IBM® AIX® 610 supports Infiniband hardware and various protocols that run over Infiniband. This article shows how to configure Infiniband and set up IP over Infiniband interface (IPoIB) in AIX. Also, this article explains how to use RDS (Reliable Datagram Sockets), a protocol (similar to UDP) designed to work over Infiniband to send and receive data using sockets.

Configuring Infiniband

Internet Protocol (IP) packets can be sent over an Infiniband (IB) network interface by using IP over IB (IPoIB). IPoIB encapsulates the IP packets into IB packets and sends using the IB interface. In order to use IPoIB, you must install and configure the ICM driver and at least one IB device in the system. The following steps are required to configure an IB device and then configure IPoIB using the ICM.

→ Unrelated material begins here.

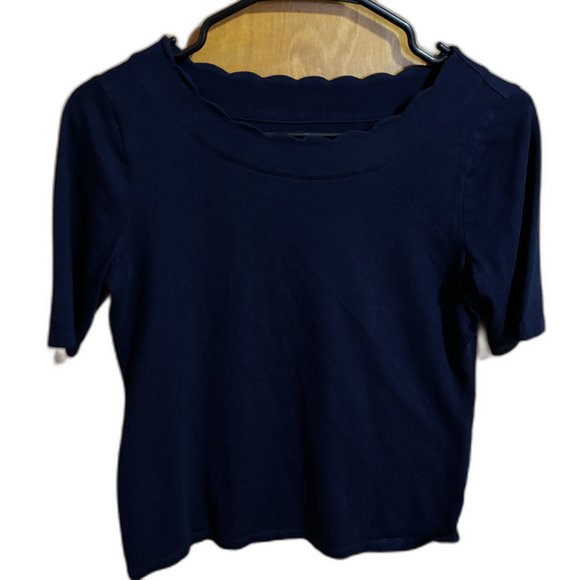 Talbots Navy Scalloped Neck Top Tee‎ - Picture 1 of 12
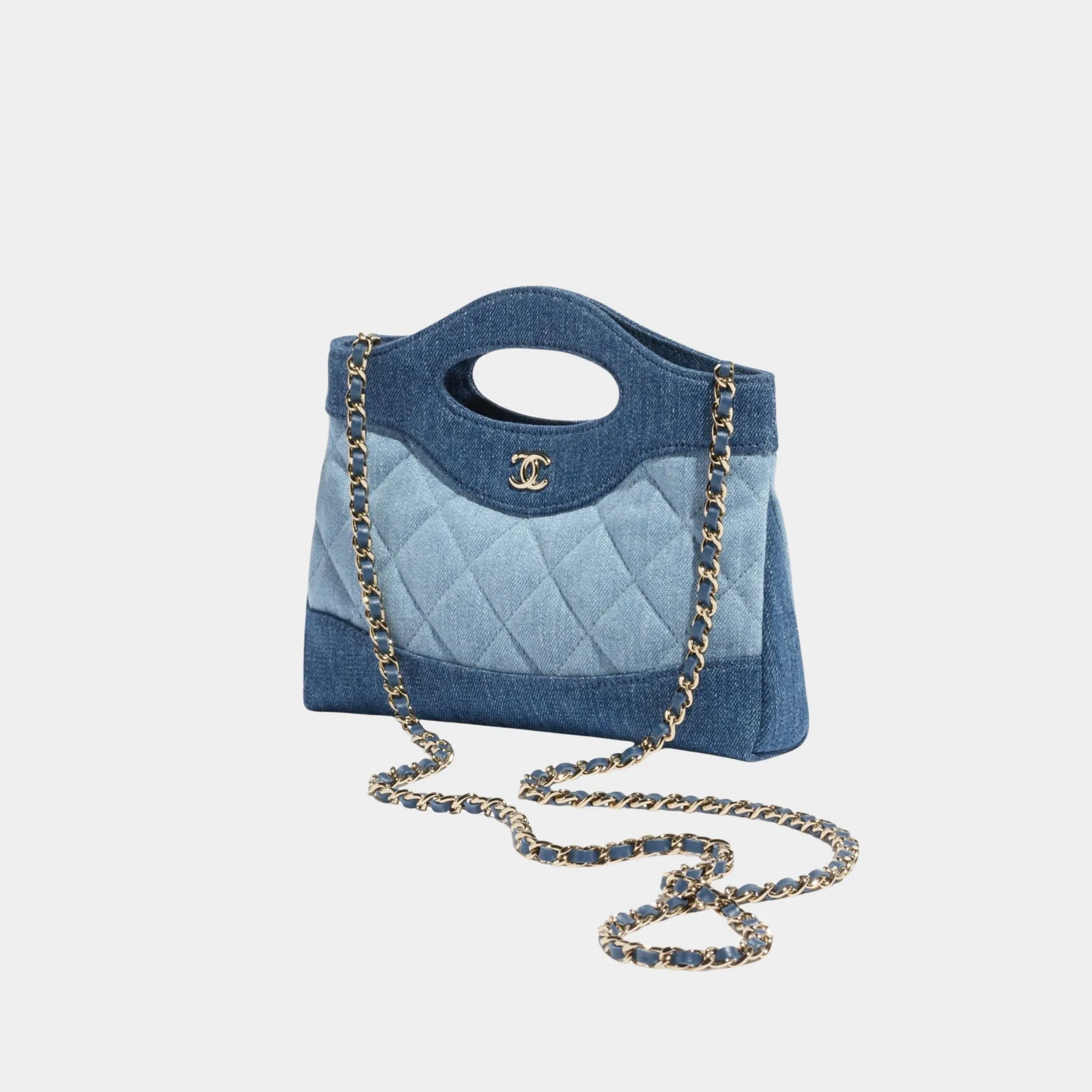 Clutch With Chain Washed Demin & Gold Tone Metal - Image 3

  1. Before configuring Infiniband, you need to check to see if the IB device, for instance Infiniband HCA (Infiniband Host Channel Adapter), is configured and is in “Available” state on your AIX box. To check the status, do the following:
    #  lsdev -Cc adapter | grep "host channel"
    iba0 Available  InfiniBand host channel adapter
        

     

    or

    # lsdev -Cc adapter | grep "HCA"
    iba0 
                             Available 01-00 PCIE Dual Port HCA (b3157862)
    

     
  2. Configure ICM (Infiniband Communication Manager). To configure ICM, do the following:

    smit icm -> Add an Infiniband Communication Manager -> Add an Infiniband Communication Manager à select ICM (as the ‘Name of IB Communication manager to Add’) and you will see the screen as shown in Figure 1.



    Figure 1. Configure ICM
    configure

     

    Click Enter to use the default values for each of the fields. The next screen will show ‘Command: OK’ and   ‘icm Available’. ICM configuration is done.

    To check if ICM has been configured, do

    # lsdev -l icm
    icm Available  Infiniband Communication Manager
    

     
  3. Configure Infiniband Network interface. IB interface can be configured using command line interface or SMIT user interface.

    To configure IB interface using SMIT do:

    smit inet -> Change / Show Characteristics of a Network interface -> select ib0 ( IP over Infiniband Network Interface). You will see the screen as shown in Figure 2.



    Figure2. Configure IB interface
    IB

     

    Enter the values for the following fields:

    • Internet Address ( for example, 1.2.3.92)
    • Network mask (for example, 255.255.255.0)
    • HCA adapter (the one we configured in step 1, iba0)
    • Adpater’s port number . There are two ports, Port 1 and Port 2. Use the command ibstat to check which port is Active. If both are active, select that you would like to use, as per your network configuration.
    • Current state – up

     

    Use the default values for the remaining fields.

    The next screen shows ‘Command: OK’ and ‘ib0 changed’. IB interface configuration is done.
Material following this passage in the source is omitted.